■ What the task asks:
Without including any pictures, give back all of the data exactly.

Segment Open

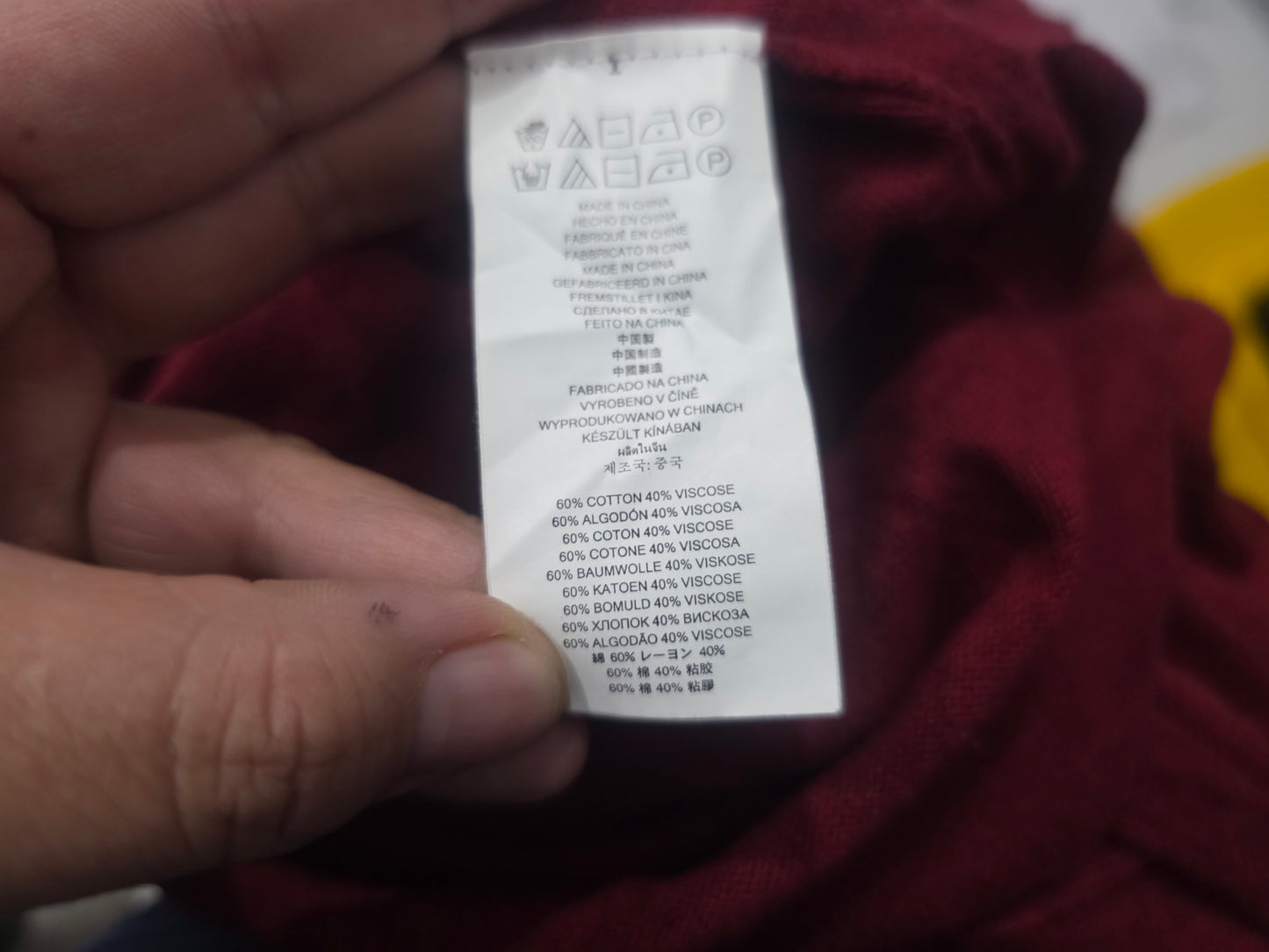 Sueter Michael Kors Mediana M Vino (Usado)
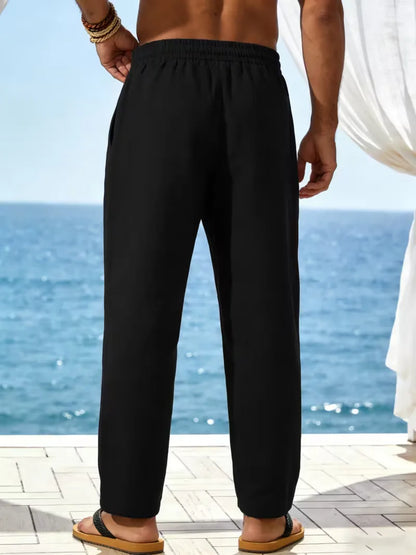 Chinos with Elastic Waist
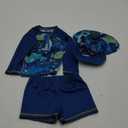 Baby Toddler Boys Swimsuit Infant Girl Swimsuits  Bathing Suit Swimwear 3Pcs Set Rash Guard Hat 120
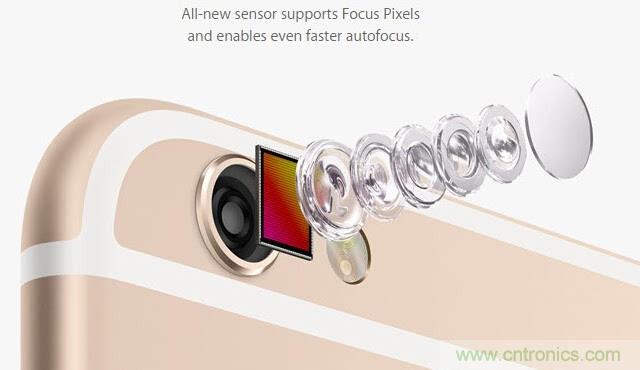 iPhone 6s告別800萬像素，探秘新攝像頭&ldquo;1.22微米像素&rdquo;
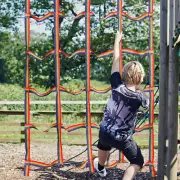 Climbing Net For Kids Outdoor Portable Ninja Cargo Net Rope Ladder Monkey Bars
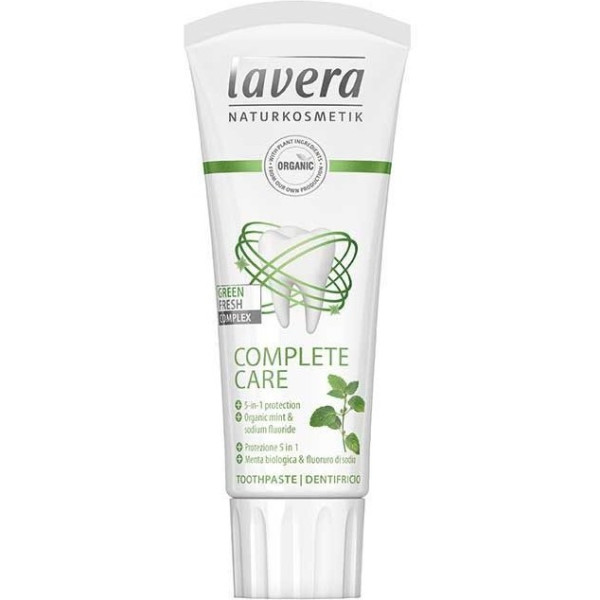 Lavera Dentifrico Cuidado Completo Con Fluor Menta Bio 75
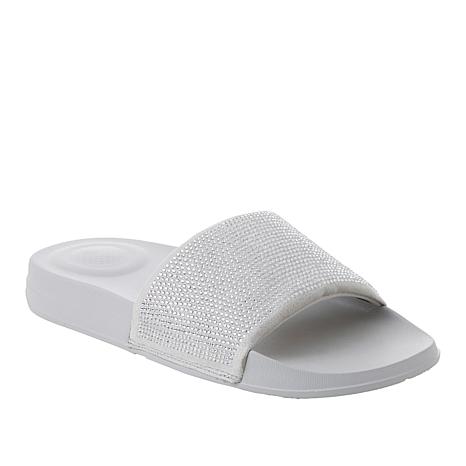 FitFlop iQushion Embellished Slide Sandal - 20905629 | HSN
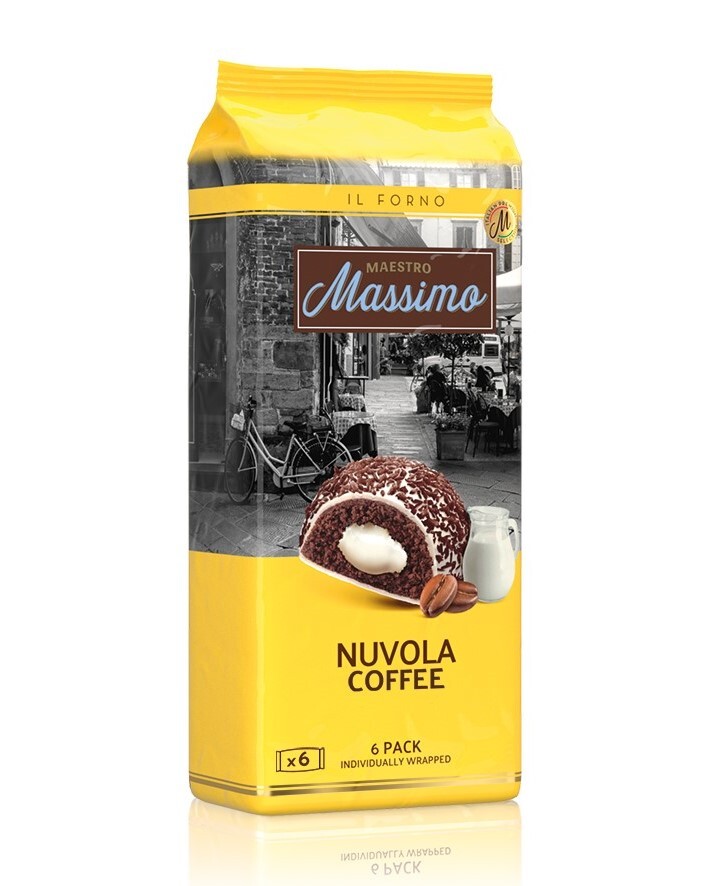 Nuvola Coffee (Kahveli Kek) 45 Gr. 6 Adet (1 Kutu) - 1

Segment Closed

■ Result for this exercise:
 Sueter Michael Kors Mediana M Vino (Usado)
 Chinos with Elastic Waist
 Baby Toddler Boys Swimsuit Infant Girl Swimsuits  Bathing Suit Swimwear 3Pcs Set Rash Guard Hat 120
 iPhone 6s告別800萬像素，探秘新攝像頭&ldquo;1.22微米像素&rdquo;
 Climbing Net For Kids Outdoor Portable Ninja Cargo Net Rope Ladder Monkey Bars
 Lavera Dentifrico Cuidado Completo Con Fluor Menta Bio 75
 FitFlop iQushion Embellished Slide Sandal - 20905629 | HSN
 Nuvola Coffee (Kahveli Kek) 45 Gr. 6 Adet (1 Kutu) - 1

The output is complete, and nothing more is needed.